Speaking to the Business Daily just as Kenya’s rehearsals began for one of Moliere’s most popular comedies, The Miser or L’Avare, Charles says children from the age of 10 are reading Moliere plays under normal circumstances. But this year especially plays like Tartuffe, The Misanthrope, and L’Avare are being staged from Nice to Paris to Calais.
Yet as much as the French adore Moliere, few Kenyans have ever heard of the playwright. Neither have they ever seen a performance of any of his plays, that is, unless they have taken part in French Schools Drama Festivals which I believe have been happening for many years.
That makes it a big challenge for the Nairobi Performing Arts Studio (NPAS) which was invited to stage The Miser in September to ensure their Moliere is recognised and appreciated just as The British Council supports Shakespeare’s plays around Kenya.
“My first concern was to find a Kenyan actor who could help us adapt the French language [which is, after 400 years, slightly archaic] to language that is relevant to Kenyans,” says Stuart Nash, who accepted Harsita Waters’ request that he take up the challenge.
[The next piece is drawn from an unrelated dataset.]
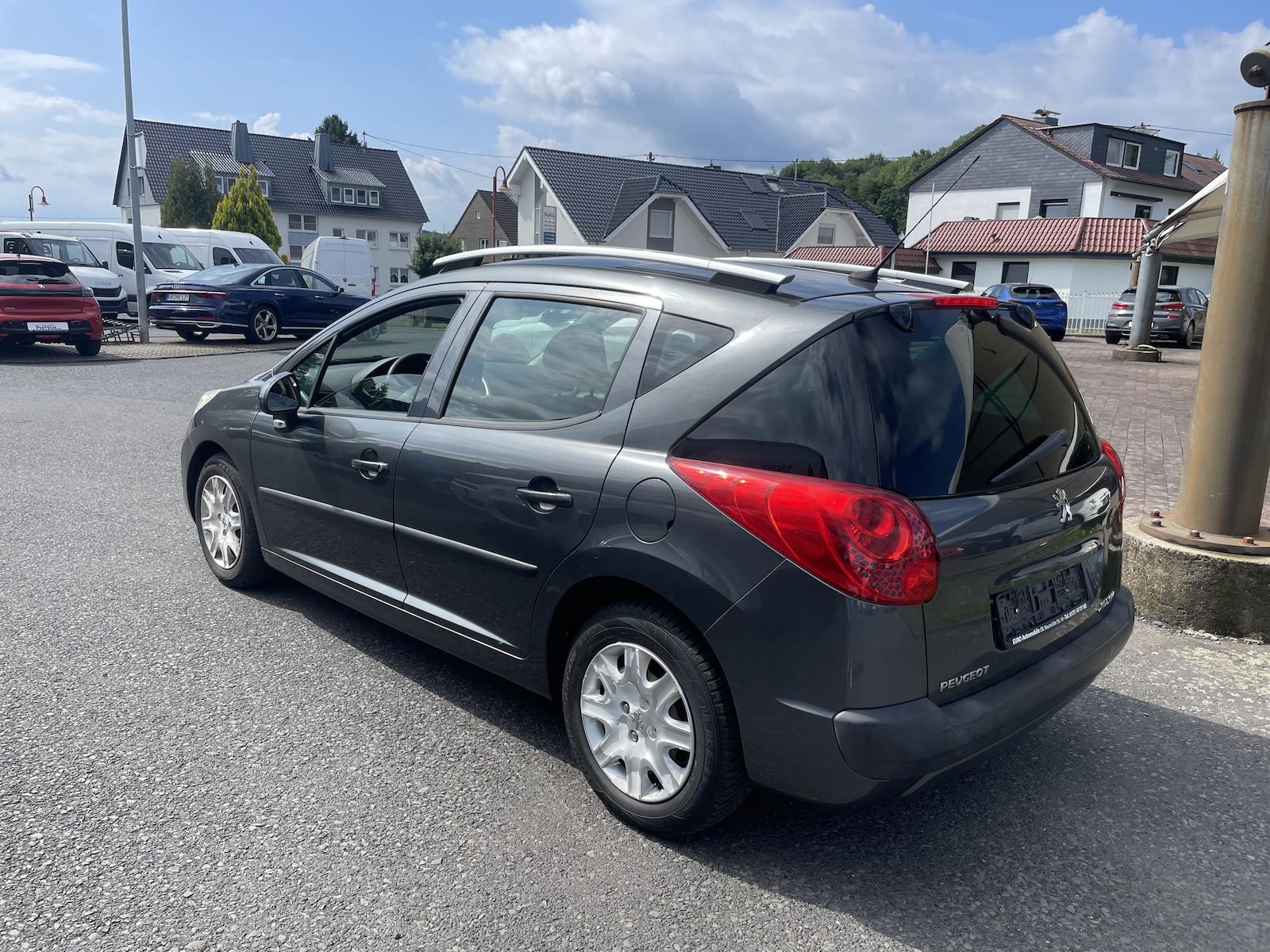 Peugeot 207 2010 — photo 5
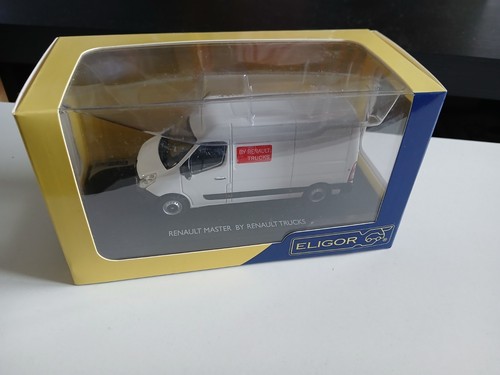 Renault master - by,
“He also needed to be more mature [meaning not in his 20’s or even 30’s],” says Stuart who is delighted to have found Sam Psenjen had a bit of time in his busy schedule of filming TV sitcoms and Kenyan films to play the leading role of the Miser.
Stuart was even prepared to adjust the whole cast’s rehearsal schedule to meet Sam’s alterations which at times important were unforeseen. But for Stuart, it was to have Sam on hand since the Miser, General Makasi rarely departs from this multi-scene play which the company transformed into two acts.
“We also injected a bit of sheng, French, English, and American slang,” Stuart adds. And while he is aware that the AF director might wince at some of the ways the cast has revised the text, turning the arcane English (adapted literally from the equally arcane French) into a language that local audiences could hear, Stuart is going with the risk.
“What else can we do? We don’t want to dumb down the language too much but we want it to make some sense,” he adds.
The plot itself is not complicated. Nor is it at all alien to the Kenyan scene where polygamy is still practiced and the conscious public is still trying to fight child marriage.
In The Miser’s case, he wants to marry a youngster, Maryanne, (played by Suzanne Karani) who is actually in love with General Makasi’s (Sam Psenjen) son, Harrison (Amani Mwasera) who also loves the girl.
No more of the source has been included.